Data extract section start

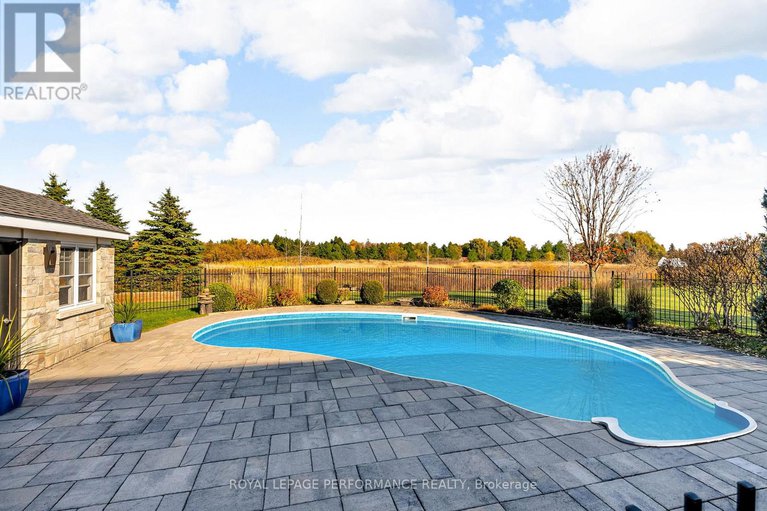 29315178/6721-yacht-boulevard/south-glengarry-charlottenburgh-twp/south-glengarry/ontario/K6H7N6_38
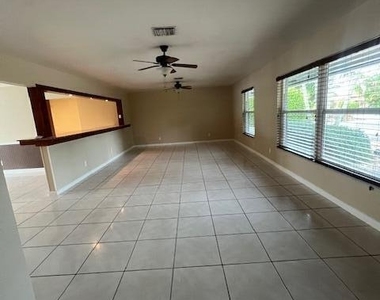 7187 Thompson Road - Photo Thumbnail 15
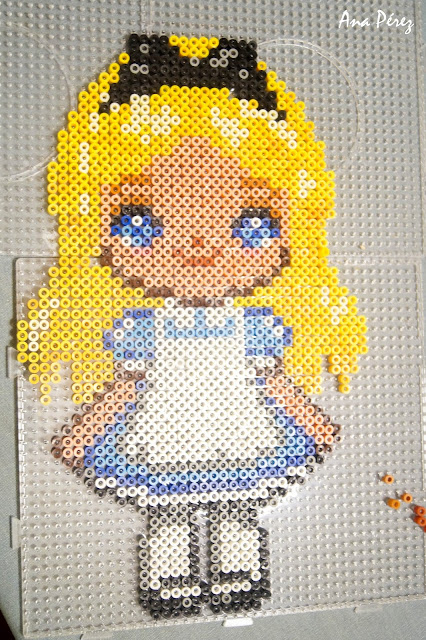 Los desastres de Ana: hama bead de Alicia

Data extract section end

:: What to work on ::
Repeat each line above exactly. The pictures stay out.

:: Solution ::
 29315178/6721-yacht-boulevard/south-glengarry-charlottenburgh-twp/south-glengarry/ontario/K6H7N6_38
 7187 Thompson Road - Photo Thumbnail 15
 Los desastres de Ana: hama bead de Alicia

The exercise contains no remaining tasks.